HI, I’ve converted few CNN models via TF-TRT (TRT=7.2.2.3; TF=2.4.1; CUDA=11.1, python API) but im limited by GPU (2080i) memory rather than throughput. Is there a way to swap/copy a model memory from the GPU out to a fast DDR(slow latency copy) or CPU(high latency copy-less preferred) hence release GPU memory for other models? Of course copy back the model when needed, sort of a multi-tasking way of doing?
Thanks,
Hanoch

Hi, Request you to share your model and script, so that we can help you better.
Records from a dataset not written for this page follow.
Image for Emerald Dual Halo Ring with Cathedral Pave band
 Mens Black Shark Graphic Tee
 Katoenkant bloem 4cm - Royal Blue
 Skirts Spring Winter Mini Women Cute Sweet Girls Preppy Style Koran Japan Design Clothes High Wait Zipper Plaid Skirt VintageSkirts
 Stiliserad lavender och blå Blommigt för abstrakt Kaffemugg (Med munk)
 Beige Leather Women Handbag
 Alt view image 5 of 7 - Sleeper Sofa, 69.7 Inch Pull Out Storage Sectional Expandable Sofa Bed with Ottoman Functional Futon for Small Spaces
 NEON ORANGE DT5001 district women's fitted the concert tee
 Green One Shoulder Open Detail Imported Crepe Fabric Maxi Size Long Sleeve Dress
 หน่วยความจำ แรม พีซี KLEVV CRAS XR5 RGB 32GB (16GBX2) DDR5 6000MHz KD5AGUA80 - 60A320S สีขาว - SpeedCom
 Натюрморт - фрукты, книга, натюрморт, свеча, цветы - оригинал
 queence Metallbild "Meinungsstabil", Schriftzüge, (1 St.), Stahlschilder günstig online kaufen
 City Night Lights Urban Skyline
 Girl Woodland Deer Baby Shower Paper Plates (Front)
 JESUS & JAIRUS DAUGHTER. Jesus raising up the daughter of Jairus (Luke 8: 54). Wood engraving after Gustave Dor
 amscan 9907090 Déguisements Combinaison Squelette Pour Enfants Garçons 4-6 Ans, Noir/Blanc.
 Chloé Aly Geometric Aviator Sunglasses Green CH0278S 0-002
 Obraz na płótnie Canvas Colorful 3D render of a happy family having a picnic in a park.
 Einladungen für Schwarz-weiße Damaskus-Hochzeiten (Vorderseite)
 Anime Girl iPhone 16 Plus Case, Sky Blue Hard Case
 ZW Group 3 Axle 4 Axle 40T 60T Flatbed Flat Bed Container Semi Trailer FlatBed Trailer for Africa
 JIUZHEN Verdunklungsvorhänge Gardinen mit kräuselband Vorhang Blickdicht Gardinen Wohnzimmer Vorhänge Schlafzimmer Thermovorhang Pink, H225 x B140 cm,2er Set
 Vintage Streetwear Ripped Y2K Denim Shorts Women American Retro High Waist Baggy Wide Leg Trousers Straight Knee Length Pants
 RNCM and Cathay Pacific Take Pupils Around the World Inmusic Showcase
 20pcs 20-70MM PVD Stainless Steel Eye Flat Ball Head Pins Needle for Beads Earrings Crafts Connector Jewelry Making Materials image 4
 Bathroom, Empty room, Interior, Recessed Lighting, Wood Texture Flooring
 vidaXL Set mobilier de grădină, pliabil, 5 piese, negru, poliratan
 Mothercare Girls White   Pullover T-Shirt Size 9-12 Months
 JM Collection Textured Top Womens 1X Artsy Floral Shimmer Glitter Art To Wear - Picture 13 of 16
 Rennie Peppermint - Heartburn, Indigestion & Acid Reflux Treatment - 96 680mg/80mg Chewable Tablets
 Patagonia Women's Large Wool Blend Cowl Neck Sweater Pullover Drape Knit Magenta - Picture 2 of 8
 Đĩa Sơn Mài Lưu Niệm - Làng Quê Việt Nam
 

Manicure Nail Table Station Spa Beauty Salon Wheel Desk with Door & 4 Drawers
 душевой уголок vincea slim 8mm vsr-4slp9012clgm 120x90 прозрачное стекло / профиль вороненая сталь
Alternatively, you can try running your model with trtexec command.
https://github.com/NVIDIA/TensorRT/tree/master/samples/opensource/trtexec

Thanks!

Hi, this is a general question for a general CNN model. i can share code if it is necessary!

Hi @hanoch.kremer,

In TF-TRT we do not have a fine control over the memory. The GPU memory is freed when the model is deleted and garbage collected. But loading the model every time you need to infer and deleting afterwards is probably a bad idea, it would be detrimental for performance.
If the whole model is converted to a single TRT engine, then one could do save memory by using the TRT model only (because a converted model stores 2 copies of the weights, one for TF and one for TRT). To do it in TF2, Loading plan file is not yet documented for TF2, but we have an example here.

Thank you.

Hi ,thanks for the info. Would the answer changes in case the model is a whole TF 2.4 (no TRT)? In that case what is the best prcatice to share limited GPU memory among few inference CNN models? What do you mean by “save memory”? Please allow access to the file as google ask. Thanks. Hanoch

Hi @hanoch.kremer,

Updated access permissions to the notebook. This example is only applicable for problems that are completely converted to TF-TRT.

Thank you.

Hi, still can’t access the notebook due to permissions issues

Hi @hanoch.kremer,

I have edited the previous reply with new link. You might be still referring to old one.
For your reference sharing new link again.

Thank you.

No it is OK, thanks

Hi, in case the mode is whole tf2.4 no tf-trt, can you recommend about a way to manage swap between few models for inference to share the limited GPU memory. Assuming a fast DDR available as a resource. Like a tiny OS or something. I’ve tried NVIDIA MPS but it didn’t perform well. Thanks, Hanoch

Hi @hanoch.kremer,

We can probably move the model to GPU on demand, by walking through the graph and moving the weights to GPU. Not sure about the details. Before we invest a lot of effort, please note that final performance will be poor (because moving data between CPU and GPU is slow, and incurs a large latency).
If our end goal is low latency, swapping idea is a probably a no-go.
If our goal is for Large throughput, then estimate overhead based on model size, pcie bandwidth and compare it to how much faster are you on GPU.
If it look promising, than we can try to implement it.

Hope this will help you.

Thank you.